SPECjbb2005

SPECjbb2005 from SPEC (Standard Performance Evaluation Corporation) evaluates the performance of server side Java by emulating a three-tier client/server system with emphasis on the middle tier. Instead of testing with a possible disk intensive database system, SPECjbb uses tables of objects, implemented by Java Collections, rather than a separate database. The SPECjbb score thus depends on:
  • The JVM (Java Virtual Machine) and the way the JVM is tuned
  • CPU processing power
  • Caching and memory speed
  • Multiprocessing configuration (Scalability)
The latest version SPECjbb2005 is much more memory intensive and uses XML processing among other changes. From spec.org:
"SPECjbb2005 is a follow-on release to SPECjbb2000, which was inspired by the TPC-C benchmark and loosely follows the TPC-C specification for its schema, input generation, and transaction profile. SPECjbb2005 runs in a single JVM in which threads represent terminals, where each thread independently generates random input before calling transaction specific logic. There is neither network nor disk IO in SPECjbb2005."
SPECjbb starts up to two threads per core. For example, with Hyper-Threading enabled on our 8 core quad CPU Xeon MP 7030M system, 32 threads were started on the 16 logical CPUs. Each thread is a warehouse. Again from SPEC.org:
"A warehouse is a unit of stored data. It contains roughly 25MB of data stored in many objects in several Collections (HashMaps, TreeMaps). A thread represents an active user posting transaction requests within a warehouse. There is a one-to-one mapping between warehouses and threads, plus a few threads for SPECjbb2005 main and various JVM functions. As the number of warehouses increases during the full benchmark run, so does the number of threads. A "point" represents the throughput during the measurement interval at a given number of warehouses. A full benchmark run consists of a sequence of measurement points with an increasing number of warehouses (and thus an increasing number of threads)"
First we tested with some decent but rather generic tuning that we could use on all systems. The JVM was Sun's, version 1.5.0_08.
java -classpath jbb.jar:check.jar -Xms3072m -Xmx3072m -Xmn1024m -Xss128k -XX:+AggressiveOpts -XX:+UseParallelOldGC -XX:+UseParallelGC spec.jbb.JBBmain -propfile SPECjbb.props

Performance on the quad Opteron machine is absolutely horrible: the dual Xeon DP 5160 is only a few percent slower than our quad Opteron. As SPECjbb is very memory sensitive we suspected that the NUMA architecture of the Opteron might be influencing the result. The scaling numbers confirmed our assumption: the dual Opteron scored only 48% lower, while we expect a 70% increase from 2 extra cores.

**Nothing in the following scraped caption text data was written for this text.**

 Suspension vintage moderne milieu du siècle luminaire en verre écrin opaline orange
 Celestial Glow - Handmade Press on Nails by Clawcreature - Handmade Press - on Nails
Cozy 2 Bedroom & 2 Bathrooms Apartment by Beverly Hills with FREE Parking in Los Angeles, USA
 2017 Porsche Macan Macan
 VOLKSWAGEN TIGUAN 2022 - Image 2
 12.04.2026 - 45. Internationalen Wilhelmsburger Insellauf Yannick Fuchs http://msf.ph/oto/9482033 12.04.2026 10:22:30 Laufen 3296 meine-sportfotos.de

In many cases you would like to run several Java applications on one server with or without virtualization, especially on quad socket machines. Therefore we also tested SPECjbb with four application instances. Using NUMActl, a clever utility written by Andi Kleen, we were able to bind each Java application to one CPU node on the HP DL585.

On the Opteron we used:
numactl -cpubind=(1-4) -membind=(1-4) java -classpath jbb.jar:check.jar -Xms3072m -Xmx3072m -Xmn1024m -Xss128k -XX:+AggressiveOpts -XX:+UseParallelOldGC -XX:+UseParallelGC spec.jbb.JBBmain -propfile SPECjbb.props -id (1-4)
On the Xeon MP we used:
java -classpath jbb.jar:check.jar -Xms3072m -Xmx3072m -Xmn1024m -Xss128k -XX:+AggressiveOpts -XX:+UseParallelOldGC -XX:+UseParallelGC spec.jbb.JBBmain -propfile SPECjbb.props -id (1 to 4)

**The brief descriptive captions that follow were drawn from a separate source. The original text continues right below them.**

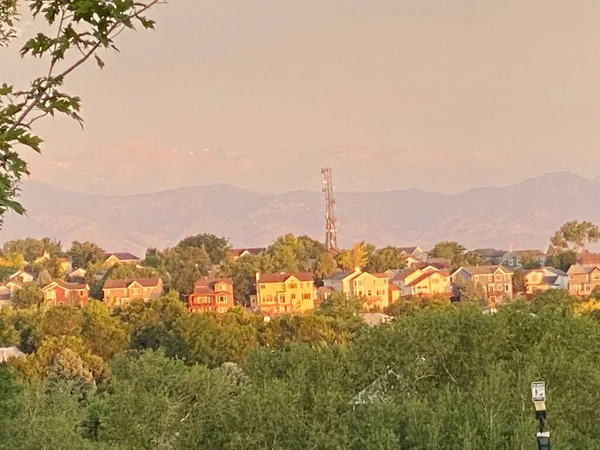 Häuser Auf Einer Klippe Nach Sonnenaufgang — Stockfoto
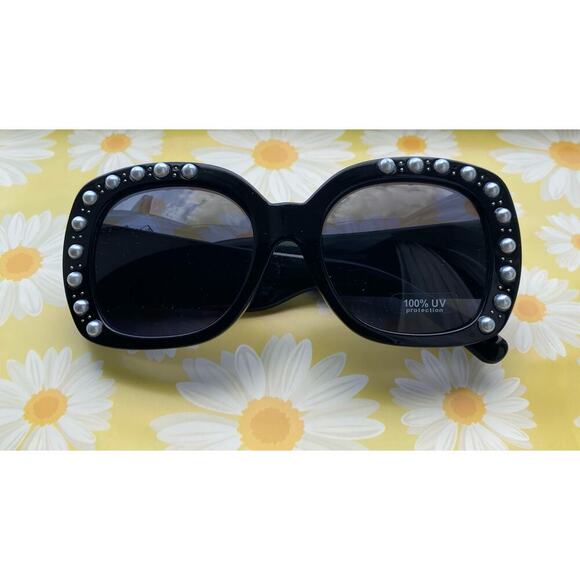 Charming Charlie Black sunglasses with Pearl accents - Picture 2 of 6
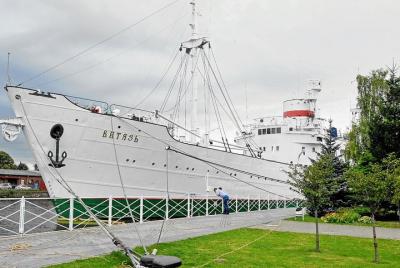 Tour de todo el día en Kaliningrado: el Museo Vessaz '' Vityaz '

If we let Linux manage the four instances, performance increases about 16% compared to using one instance. If we force each instance to stay on one node (one CPU + memory), performance increases spectacularly by 56%! So it seems that it is rather hard for the Linux kernel to keep the instances where they should be. This is good and bad news for AMD: it means that the Opteron 880 can compete with the more expensive Xeon MP, but it also means that the Opteron requires more "manual" optimization than the Xeon MP. The Xeon MP performs at the same level with 4 instances as it does with one.

We suspect that the Sun JVM is reasonably well optimized for the Opteron, and maybe a little bit less effort went into the Intel optimizations as Sun features mostly Opteron and Sparc servers. The BEA JRockit JDK provides a highly optimized JVM for running JAVA applications on the x86-64 and Itanium CPUs. We are still in the process of testing with this JVM, but it seems that the HP DL585 is capable of attaining 110,000 bops, the Supermicro Dual Xeon 5160 about 70 to 75,000 bops and the Tulsa system about 140,000 bops so far. We are trying to find out which tuning parameters are realistic and which ones are maybe a little too extreme. We'll report back soon with our findings, as we have another new server CPU to show you in the near future.

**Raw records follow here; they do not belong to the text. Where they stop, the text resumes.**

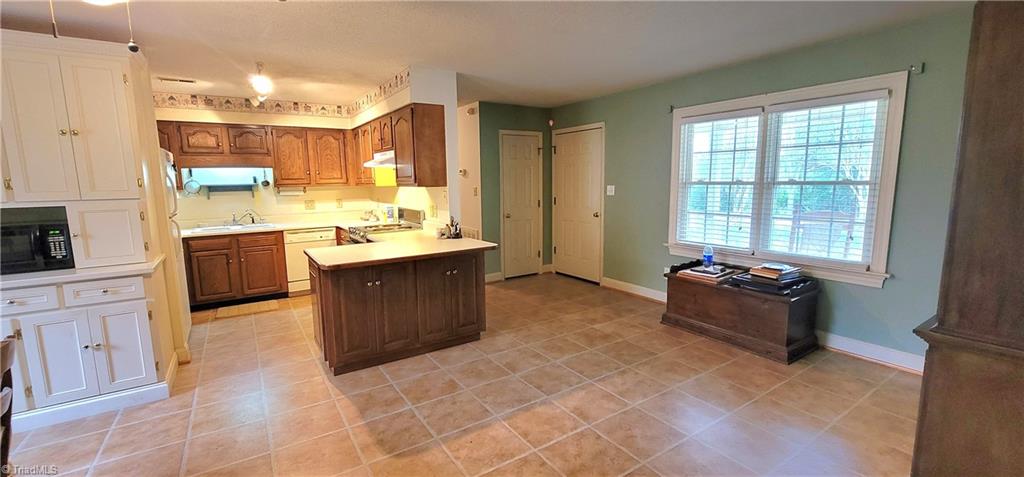 447 Providence Church Road Randleman, NC 27317 - Photo 16 of 50 Gallery Image 16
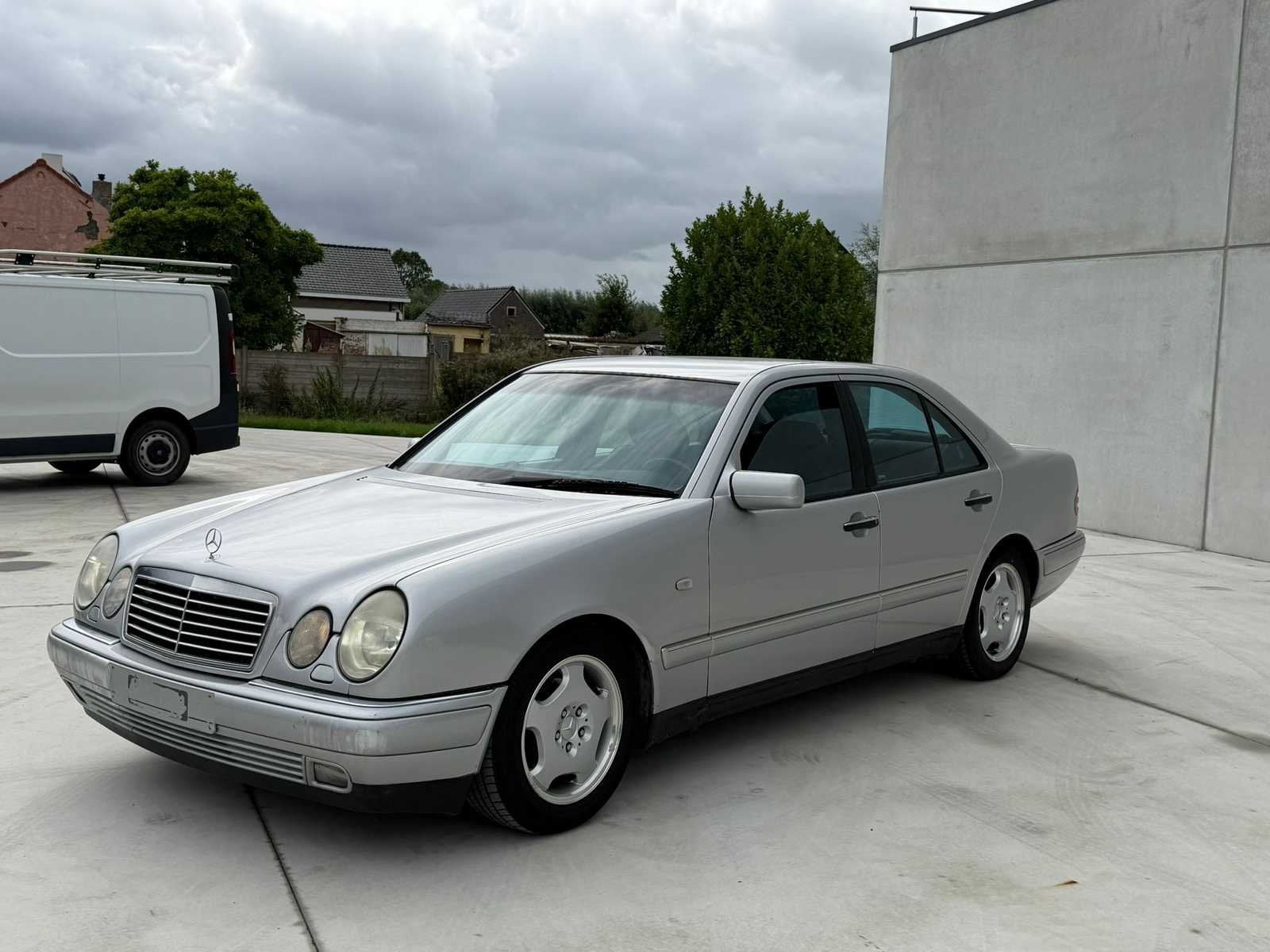 1999 Mercedes-Benz E250 turbo diesel avantgarde Personenauto, Auto's, Mercedes-Benz, Gebruikt, Bedrijf, Diesel, Overige carrosserie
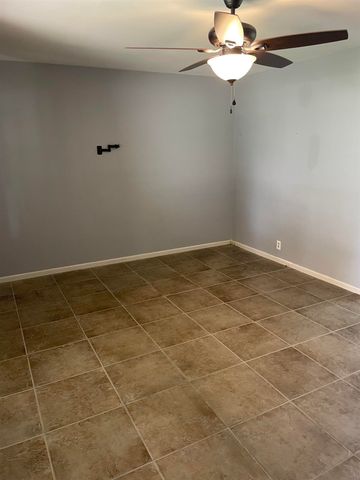 1056 N Edgemoor St, Wichita, KS 67208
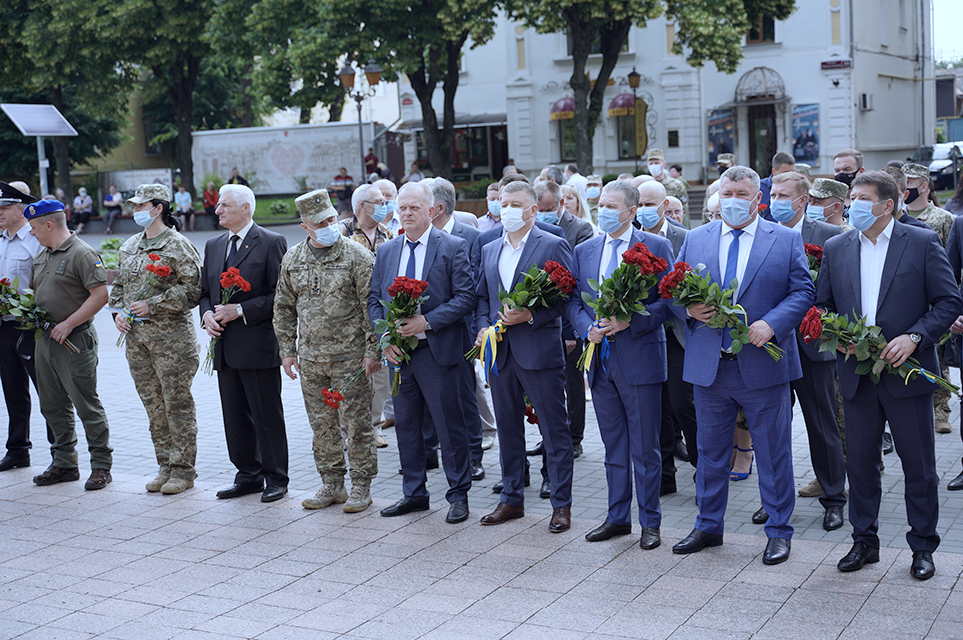 У Вінниці вшанували пам'ять жертв війни в Україні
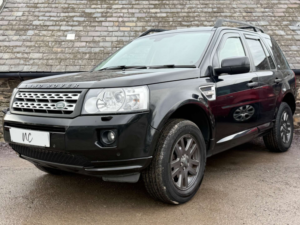 2012 Land Rover Freelander 2.2 Freelander Xs Sd4 Auto 4WD 5dr in Black — image 2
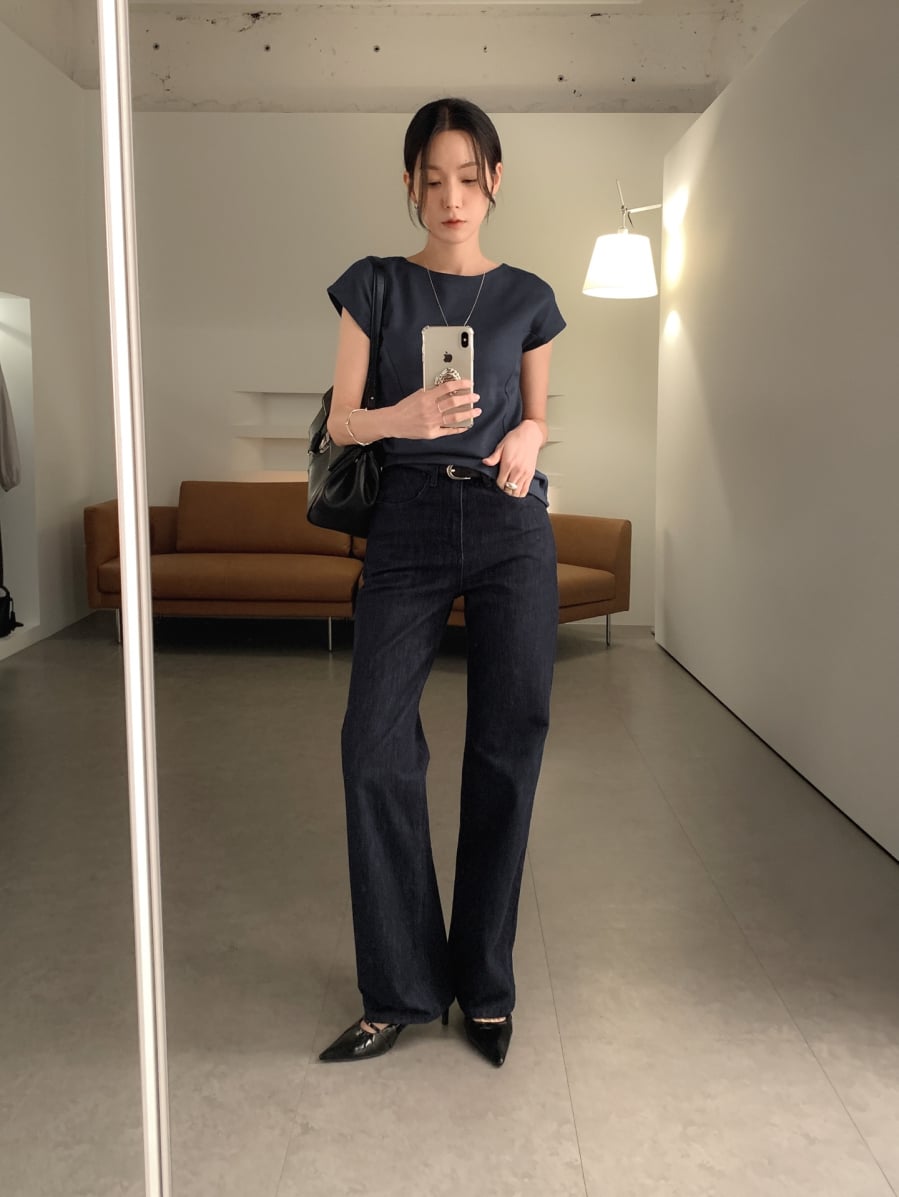 So với các kiểu mũi tròn hoặc vuông, dáng mũi nhọn mang lại vẻ ngoài thanh lịch và sắc sảo hơn, rất phù hợp với môi trường công sở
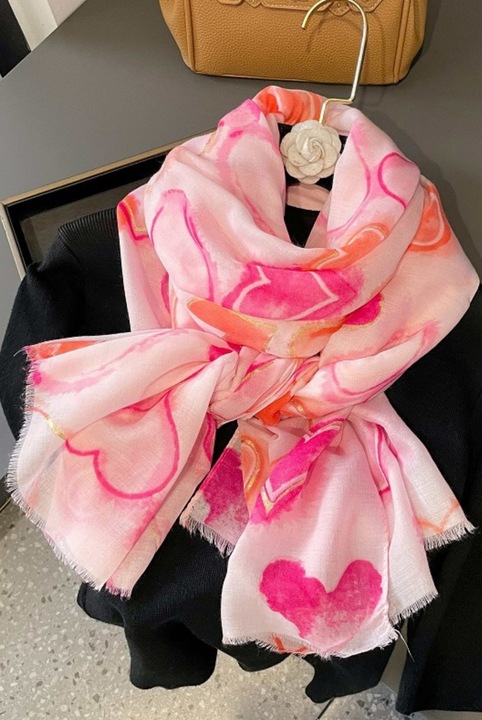Розов шал със сърца и златен блясък, 180x90 см, KAMEA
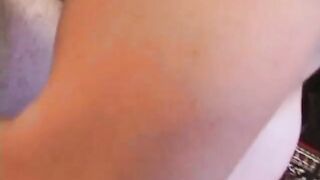 4 Jungs bei einer Sexorgie auf dem Tisch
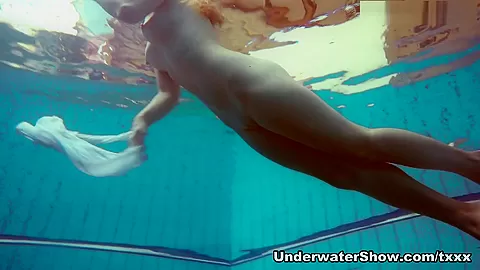 UnderwaterShow Video: Darkova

The Official SPEC Numbers Secure Socket Layers RSA Performance
Comments Locked

88 Comments

View All Comments

  • JohanAnandtech - Saturday, November 11, 2006 - link

    Well, we did mentione it at our price comparison. From a performance point of view, the G2 is within 2% of the DL585 given a similar configuration.

    Getting a server in the lab is not like getting a videochip for review. The machines are much more expensive, and you need much more time to review them properly. So OEMs are less likely to send you the necessary hardware. For a videocard they send out a $500 item that can be reviewed in a few weeks, maybe even a few days. For Server like these, they have to send out a $20000 machine and be able to miss it for a month or two at the least.
  • Viditor - Saturday, November 11, 2006 - link

    quote:

    Well, we did mentione it at our price comparison. From a performance point of view, the G2 is within 2% of the DL585 given a similar configuration


    I can certainly understand and empathise with the situation...and I did enjoy the article, Johan!
    The reason I mentioned it is that line in your conclusion...
    quote:

    The HP DL585 also has a few shortcomings: it does not offer any PCIe expansion slots, the SCSI controller is an old SCSI 160 model, and there are no USB ports on the front of the machine

    I thought that (considering the circumstances) it was a bit unfair and misleading...
  • JohanAnandtech - Saturday, November 11, 2006 - link

    I just pointed out that it is a bit weird that a newer revision of the DL585 (it was thé HP Opteron machine just a few months ago) used SCSI 160. There is no reason at all why HP could not replace this: they revised the server anyway.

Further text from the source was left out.